How Evangelicals Pushed Back on Biden’s Refugee Reversal
Update: President Joe Biden officially raised the refugee ceiling on May 3, though not in time to reach the new level of 62,500 by the end of the fiscal year in September. Evangelicals celebrated the move.
Evangelical advocates played a crucial role in holding President Joe Biden accountable to a promise to raise the limits for refugees coming to America. Publicly and privately, they pushed back on the administration’s explanation for continuing Trump-era limits for another six months, framed the change as a betrayal of a promise, and reiterated the moral argument for accepting refugees.
Within a few hours of a presidential memo on April 16 telling the State Department to keep the number of refugee admissions at 15,000 instead of raising it to the promised 62,500, White House spokeswoman Jen Psaki stated there had been “some confusion,” and the administration started to reverse course. That evening, a deputy national security advisor held an emergency conference call with advocacy groups, including World Relief, to offer assurances that the administration would welcome more refugees with haste.
“It was one of the busiest workdays I’ve ever had,” Jenny Yang, senior vice president of advocacy and policy at World Relief, wrote on Facebook. “At the end of the day, the President heard the voice of the people and changed course, stating that he is planning to raise the #refugee ceiling next month. Thanks for raising your voice. Keep it up!”

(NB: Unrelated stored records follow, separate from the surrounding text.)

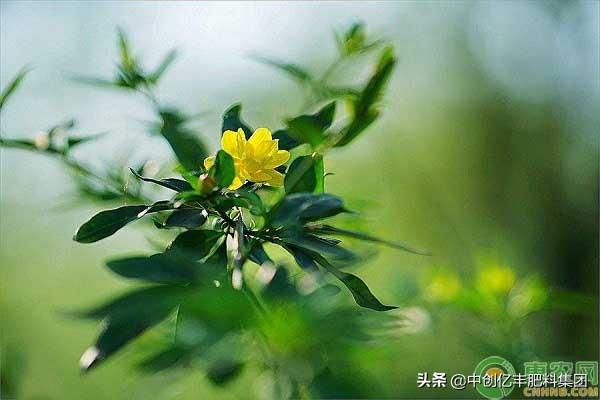 迎春花是几月开（有关迎春花的开花时间）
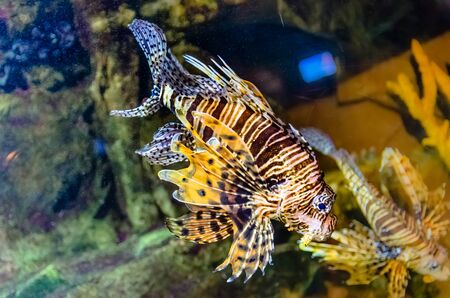 Lion fish. Exotic fish in aquarium. Very dangerous in real lifeの写真素材
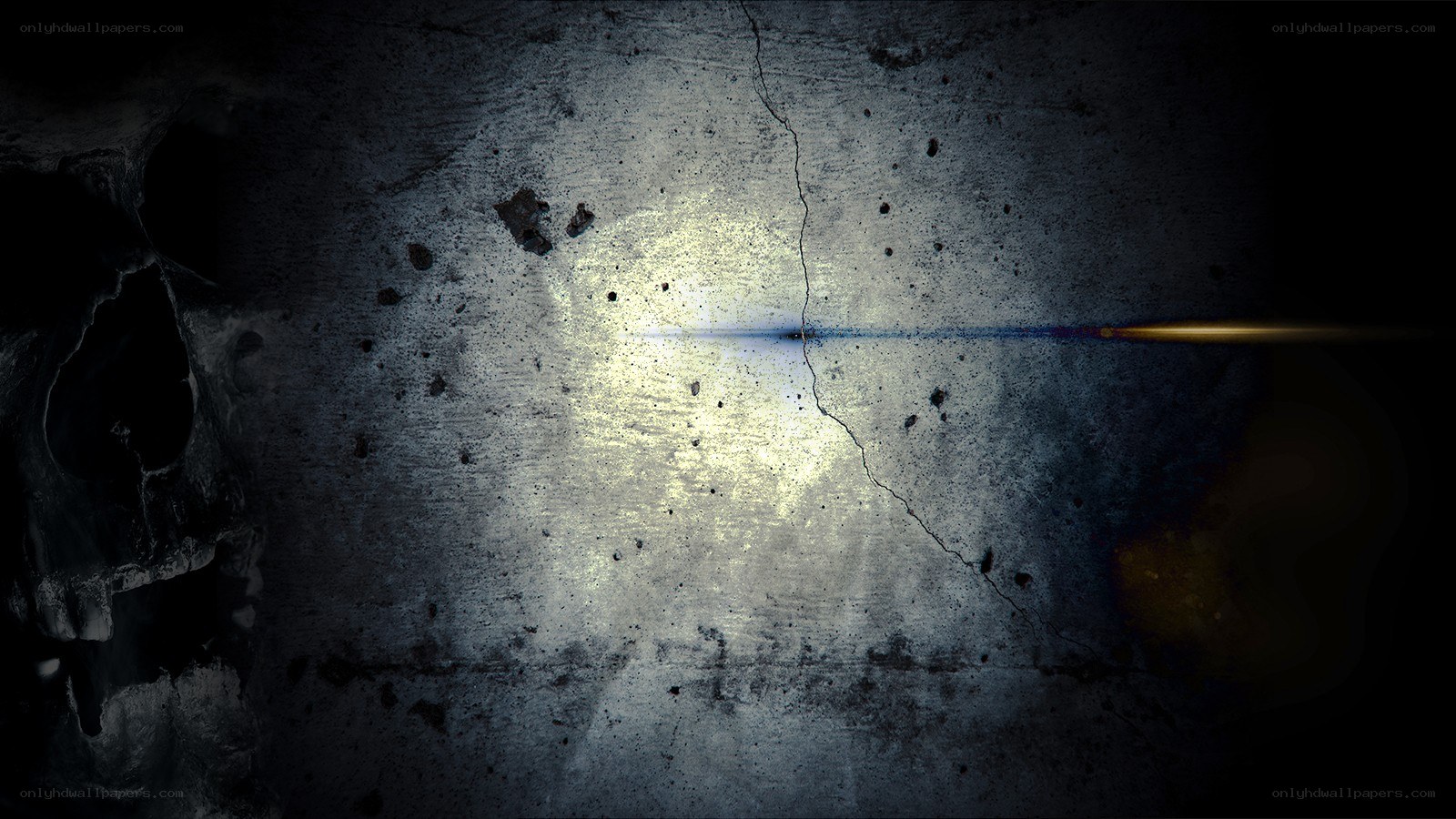 skull on cracked concrete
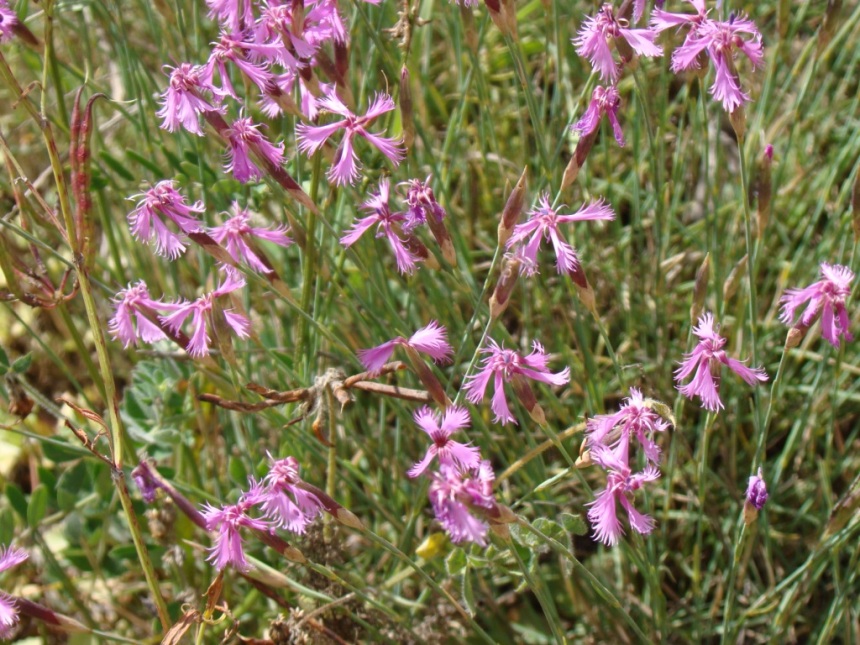 Image of Dianthus orientalis specimen.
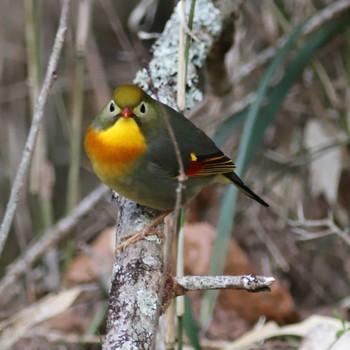 Red-billed Leiothrix Arima Fuji Park Sun, 4/2/2023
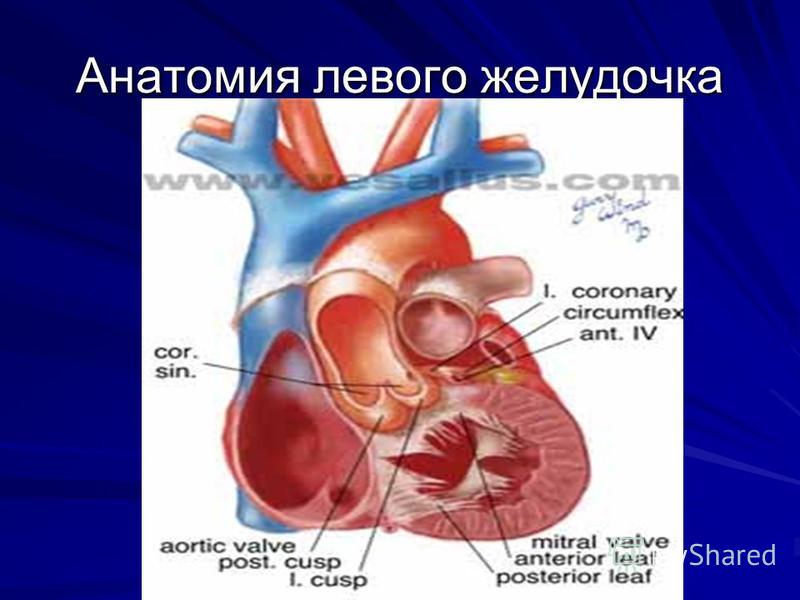 Анатомия левого желудочка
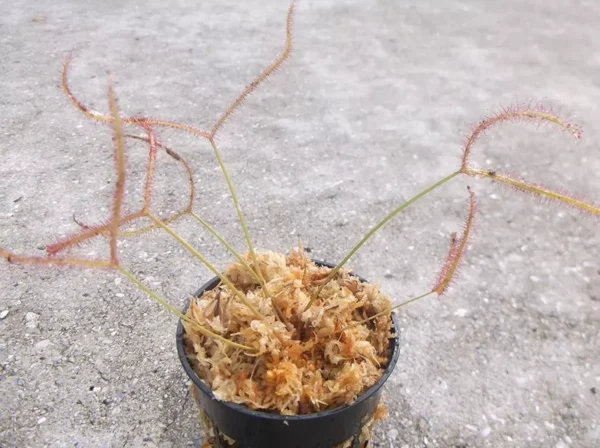 Carnivorous Forked Leaf Sundew (Drosera Binata) - 3 Inch Pot | Live Plant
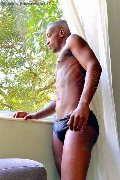 Foto Annunci Boy Lugano Henrico Black Brasiliano 0041 767905209 - 1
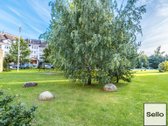  – Nt ekspertai be procentų - nuotraukos Nr. 36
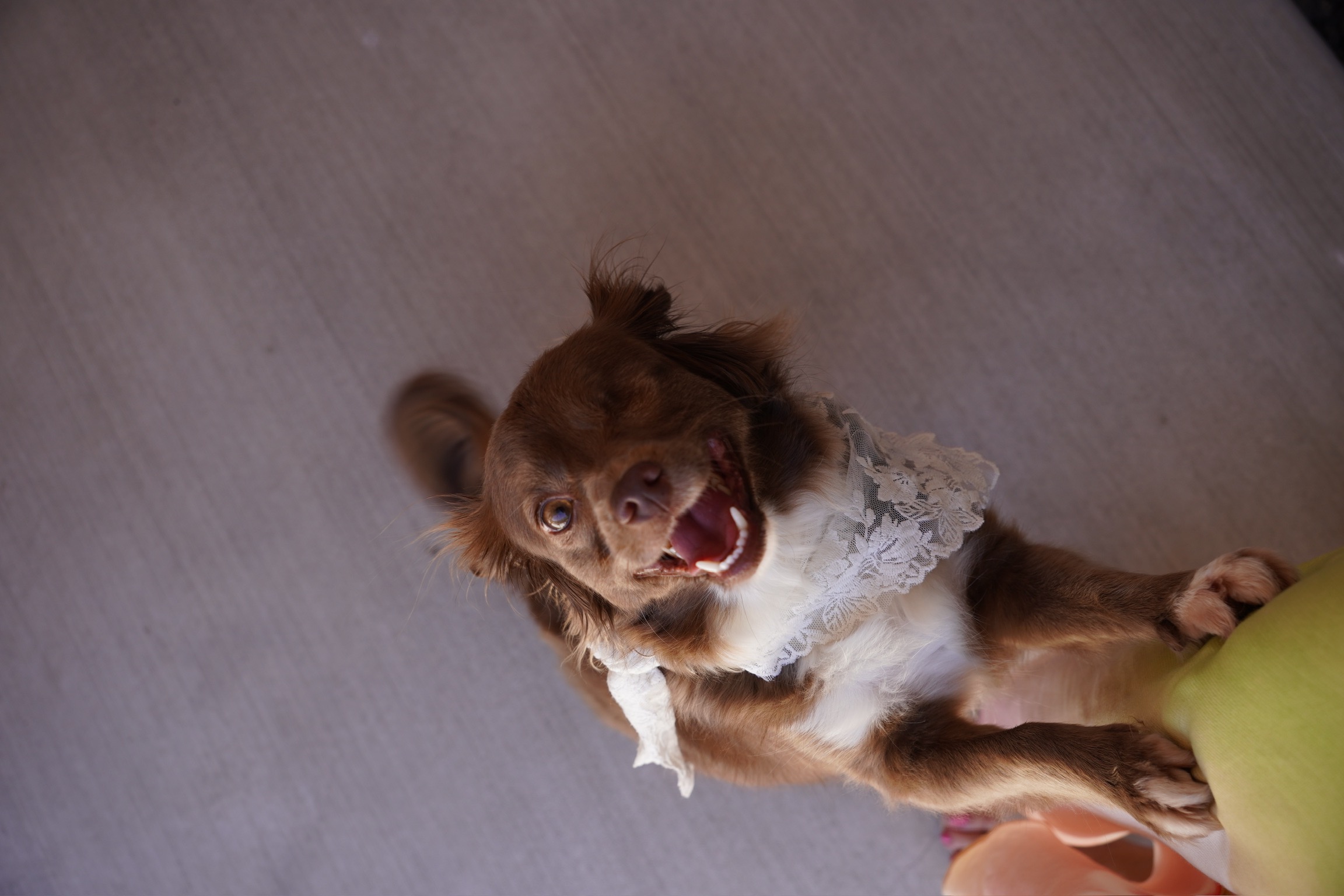 Help Karma Walk Again: Emergency Surgery Fund campaign photo, 2 of 8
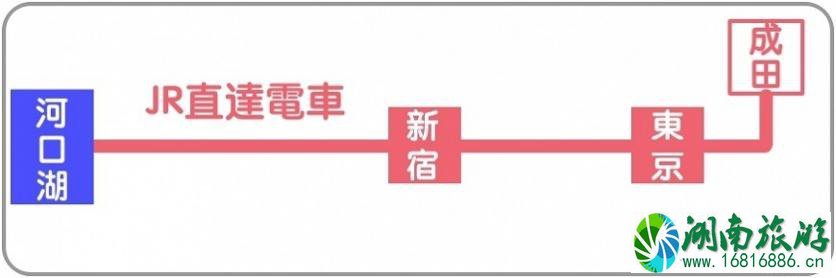 富士河口湖露营交通指南 富士河口湖有什么景点 富士河口湖露营交通指南 富士河口湖有什么景点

Evangelical groups helped set up the moral conflict just after noon on April 16, when the Evangelical Immigration Table, a coalition of nine prominent evangelical organizations, released a statement urging Biden to raise the ceiling on refugee resettlement immediately. Expressing “dismay and disappointment,” the letter pointed out the US was on track to accept the fewest refugees in the history of the resettlement program, which began in 1980.
The statement included quotes from the leaders of World Relief, the National Association of Evangelicals (NAE), the Southern Baptist Convention’s Ethics and Religious Liberty Commission (ERLC), Bethany Christian Services, and the National Latino Evangelical Coalition urging action.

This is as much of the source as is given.